Wolfe's stated purpose in writing "The Party at Jack's" was not to revisit through his art a complex time in his life when he was in love with Aline Bernstein. Rather, he used the historical setting of an actual party he attended at the Bernsteins' as an artistic jumping-off place for pointed social commentary. During the period he was in Asheville, he corresponded with his agent, Elizabeth Nowell, about the difficulties he faced in weaving together all the story's elements: [End Page 34]

My plan when I get thru is to have a complete section of the social order, a kind of dense, closely interwoven tapestry made up of the lives and thoughts and destinies of thirty or forty people and all embodied in the structure of the story. It is an elaborate design, it has to be. . . (Beyond Love and Loyalty 71)

Thus the Bernsteins' apartment building becomes a symbol of America's stratified society, with the rich and sophisticated partygoers at the top, supported by the working class cooks, maids, and elevator operators working to make the rich tapestry of the party possible. The whole structure is literally hollow at the core, with the subway tunnels deep under the building causing the building to be fundamentally unsound:

Therefore, it happened sometimes, that dwellers in this imperial tenement would feel a tremor at their feet as something faint and instant passed below them, and perhaps remember that there were trains, far, far below them in these tunneled depths. Then all would fade away into the riddled distances of the tormented rock. The great building would grow solidly to stone again, and people would smile faintly, knowing that it was enduring and unshaken, now and forever, as it had always been. (282-283)

But the structure is, of course, not entirely unshaken. It is no accident that when a fire starts in the building, the subway tunnels far beneath the ground have to be flooded and two elevator operators die from smoke inhalation. And even though the partygoers must evacuate their "imperial tenement" for a time, they treat it as an interesting holiday and remain oblivious to the deaths involved. American society may be spiritually hollow at the core and built on the bodies of the working class, but it remains, or so Wolfe seems to say, defiantly strong, barely shaken by the socialism propounded in the story's early pages by one of the elevator operators who would later die.

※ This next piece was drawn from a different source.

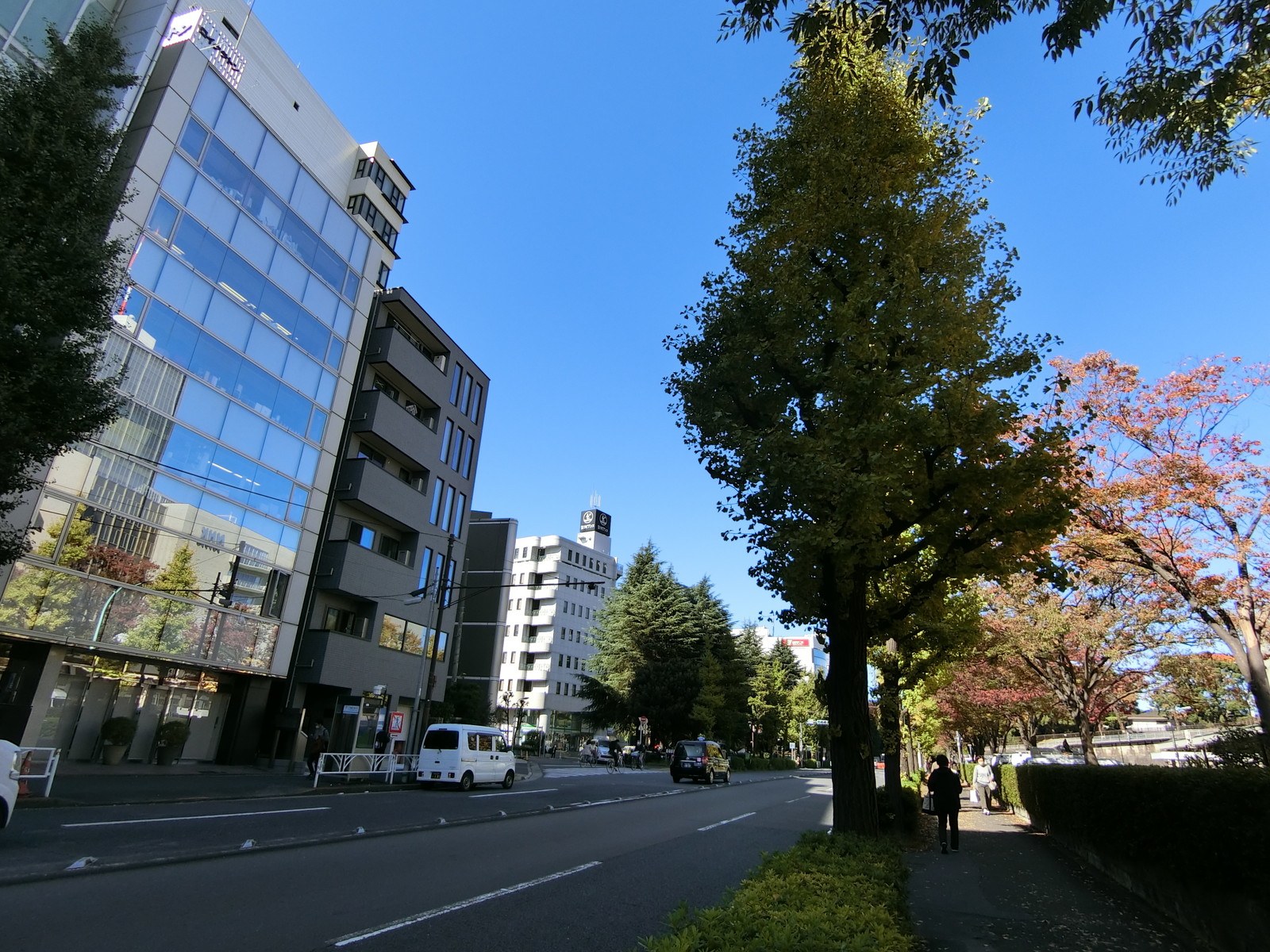 ロイクラトン神山前面の通り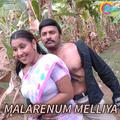 Malarenum Melliya (Original Motion Pictures Soundtrack)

This is the mature Wolfe, much less artistically concerned with his autobiographical hero, or even the character based on his beloved Aline, than he is with the entire sweep of American society in all its splendor and injustice. Wolfe's own growing socialism during the period is reflected in his growing impatience with the artistic community in New York. The older author who befriends Eugene at the party is emotionally sterile even when sensitive and sympathetic. And in one brilliant set piece, Wolfe satirized the precious world of the New York art scene with his portrayal of "Piggy" Hartwell and his circus constructed entirely out of wire: 5 [End Page 35]

People were not always able to identify each act, but when they were, they applauded vigorously. There was now an act by the trapeze performers. This occupied a long time, largely because Mr. Hartwell was not able to make it work. . . . Again and again the little wire figure soared through the air, caught at the outstretched hands of the other doll--and missed ingloriously. It became painful: people craned their necks and looked embarrassed--all, indeed, except Mr. Hartwell, who giggled happily with each new failure and tried again. . . . And the gathering, after a brief and puzzled pause, broke into applause. (307)

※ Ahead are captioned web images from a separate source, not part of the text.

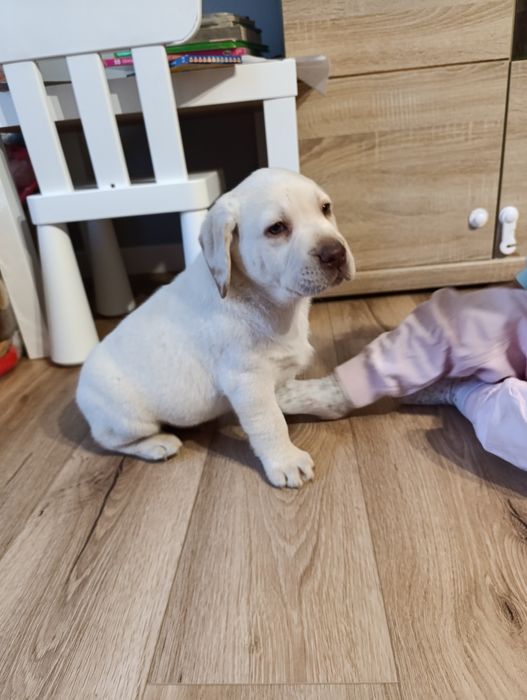 Labrador Retriever biszkoptowy piesek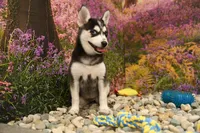 Summer, a female Pomsky for sale in Arthur, IL – 5 of 7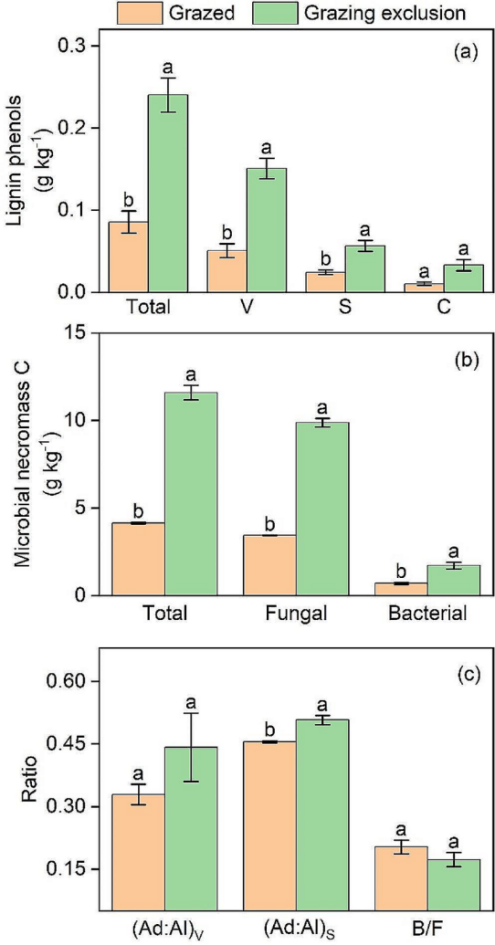 客户文章（Q1）| 通过13C标记光合产物的追踪，禁牧通过根源碳的微生物残体增加了土壤有机碳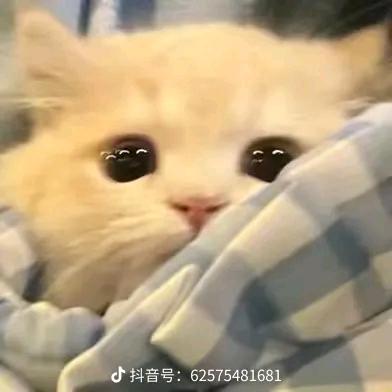 🪢悲伤小猫^头像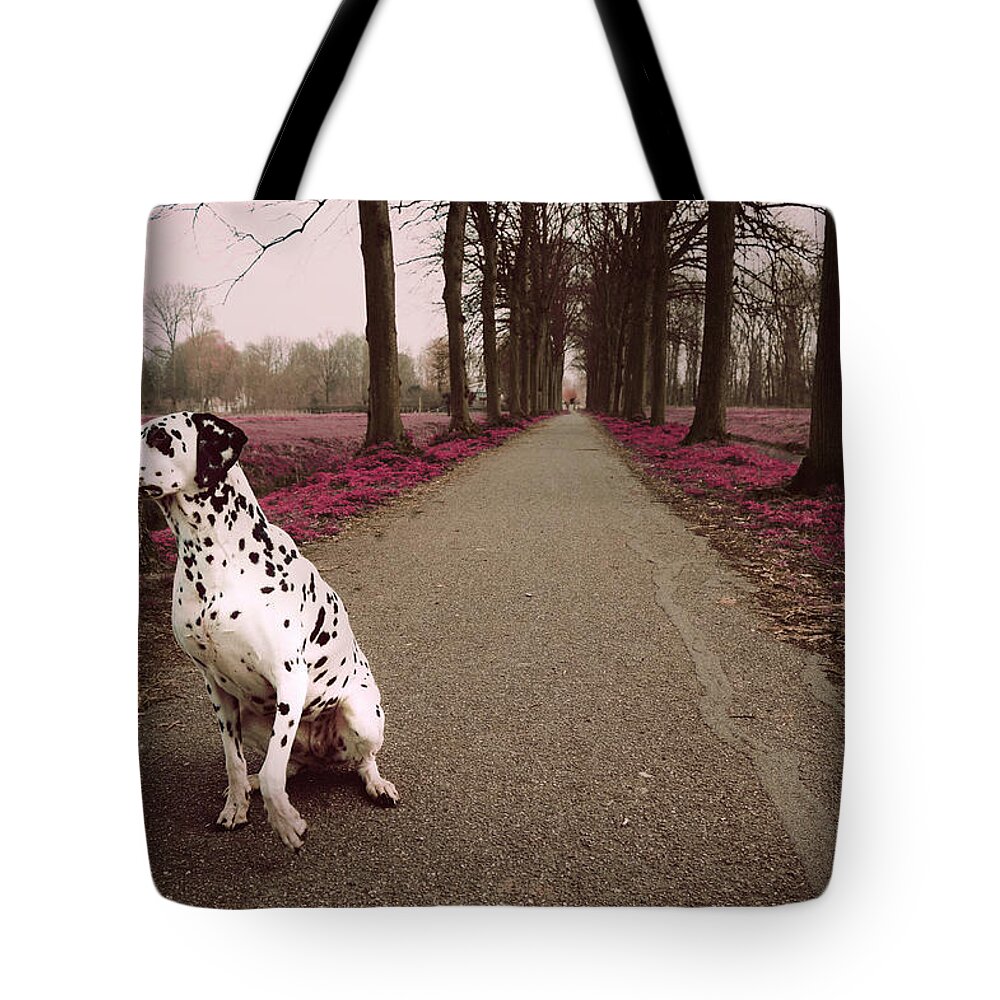 Dalmatian Tote Bag featuring the photograph Kokkie on the Autumn Alley of Rhoon by Jenny Rainbow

Wolfe's satire isn't limited to the creator of this "circus"; however, he also found ridiculous the rich and famous partygoers who accepted this bizarre performance as "art" even though it had apparently nothing whatsoever to do with the human drama he saw all around him. The Eugene Gant of Look Homeward, Angel and Of Time and the River had been fascinated with the power and glory of the New York arts scene, a world he ached to join. By 1937, however, when "The Party at Jack's" was being constructed, Wolfe had outgrown both Eugene and his lust for fame.

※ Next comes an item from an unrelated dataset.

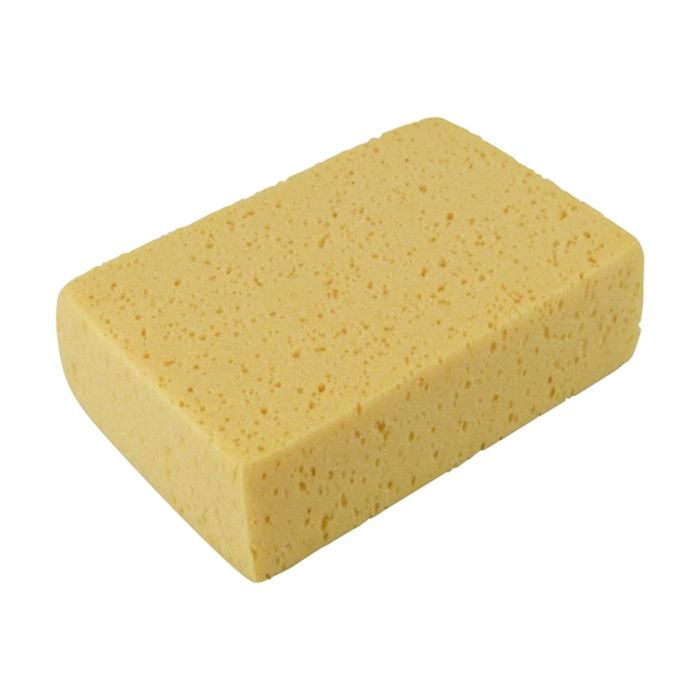 Protecton Protecton Auto Spons Protecton Protecton Auto Spons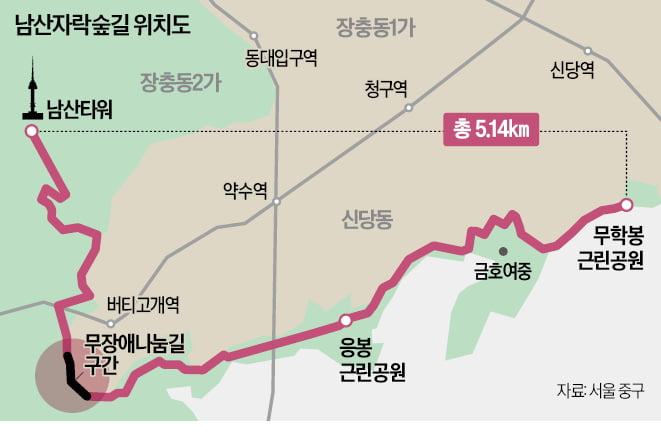 "유모차 밀며 산 속 걷기"…남산자락숲길 '인기'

This use of his own past (but in an entirely different and more mature way) is also reflected in the next piece of evidence: the 1937 story "The Child by Tiger." In part because of the story's length and because it concerns a hideous mid-winter night shooting spree that happened in Asheville in November 1906, the story has become one of Wolfe's most commonly anthologized pieces. There are two aspects of the story that are especially important to our discussion, however. First, the story suggests immediately the mature Wolfe's changing attitude toward his black characters. The mysterious protagonist of the story, Dick Prosser, is a strong and sympathetic character who, under the social pressure of the Jim Crow South, metamorphoses into a monster. Both the young boy who is present at the events in the story and the older narrator who recounts them (two aspects of the same authorial presence) struggle to reconcile Dick Prosser's fundamental humanity with the inhuman society that mauls him. Even though Wolfe was a six-year old boy only a few months removed to his mother's boarding house in November 1906, the story is not about Eugene Gant's memories of these events (indeed, internal evidence suggests Wolfe had to consult the Asheville newspapers from the time to even partially recreate what happened). Rather, it is about the struggle of the narrator to construct a meaningful sense of his society [End Page 36] through the process of storytelling. It is a story about race, about society, about the fundamental question of what it means to be human. And it is a story about storytelling.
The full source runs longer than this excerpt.